Logan interpretó aquello como un: «¿Por qué debería perder el tiempo explicándoselo?». Sin embargo contestó:
—Porque podría ayudarme en mi investigación.
Ella permaneció callada. Después se inclinó despacio hacia delante.
—Seré breve. Porter halló algo llamado «ostracón» y…
—Me enseñó una reproducción exacta.
—Bien, eso nos ahorrará explicaciones. Gracias al ostracón y a distintas investigaciones académicas, Stone averiguó que Narmer había utilizado Hieracómpolis como punto de partida para la construcción de su tumba. —Lo miró a los ojos—. Sabe quién era Narmer, ¿no?
Logan asintió.
—El primer rey de un Egipto unificado —dijo ella.
—Tengo entendido que hay ciertas discrepancias al respecto. En el pasado, los expertos creían que el mérito de la unificación de Egipto correspondía al rey Menes.
—Muchos especialistas, entre los que me incluyo, creen que Menes y Narmer eran la misma persona. —Lo miró con los ojos entornados—. Así pues, tiene conocimientos sobre el antiguo Egipto.
Logan se encogió de hombros.
—En mi trabajo conviene saber un poco de todo.
—¿Y hasta dónde llega su erudición, exactamente?
Logan señaló la foto del fresco egipcio.
—Lo suficiente para saber que eso pertenece al período Amarna.

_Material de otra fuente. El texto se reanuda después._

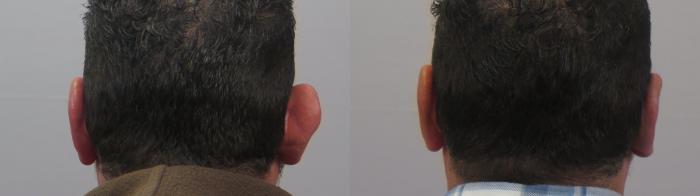 Otoplasty Case 1561 Before & After Back | Paramus, New Jersey | Parker Center for Plastic Surgery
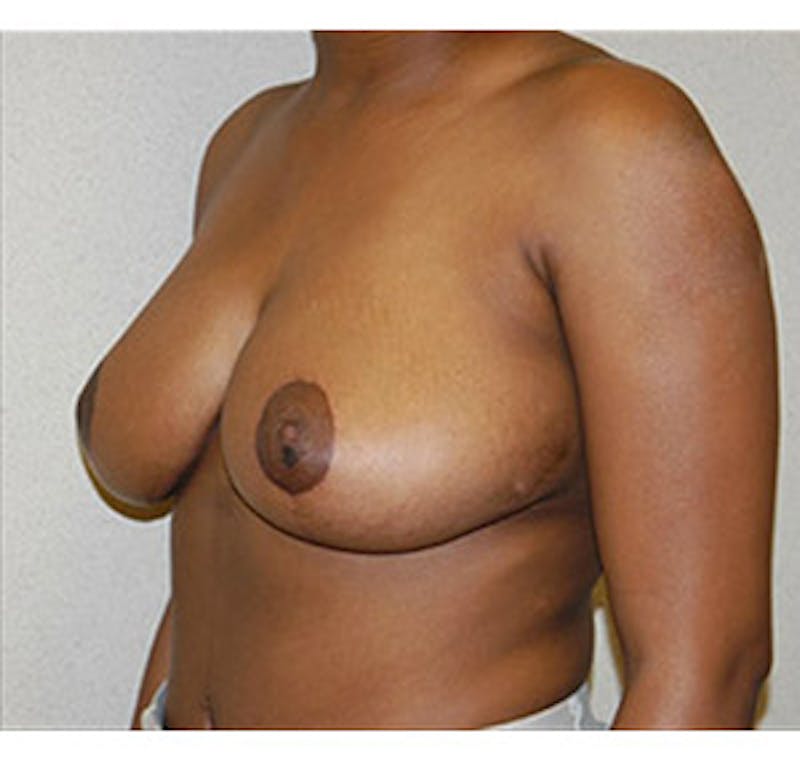 Breast Reduction Before & After Gallery - Patient 122054770 - Image 4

—¿De verdad? ¿Qué le hace pensarlo?
—Lo nutrido de la escena, la superposición de los cuerpos, el énfasis en las formas femeninas: los pechos, las caderas. Nada de eso aparece en el arte egipcio anterior.
Romero lo observó largamente y una sonrisa se abrió paso despacio en su rostro.
—Muy bien, señor cazafantasmas, está claro que es usted algo más que una cara en las portadas de las revistas.
Touché
.
Logan le correspondió con una amplia sonrisa.
—Bien —prosiguió ella—. Con la ayuda de análisis geofísicos y de técnicas de sondeo aéreo por control remoto logramos localizar lo que parecía una cantera con fines funerarios. Fue una sorpresa, porque los primitivos egipcios, también los nobles y la realeza, solían enterrar a sus muertos en pozos de arena. A partir de ahí, March inició una excavación por zonas.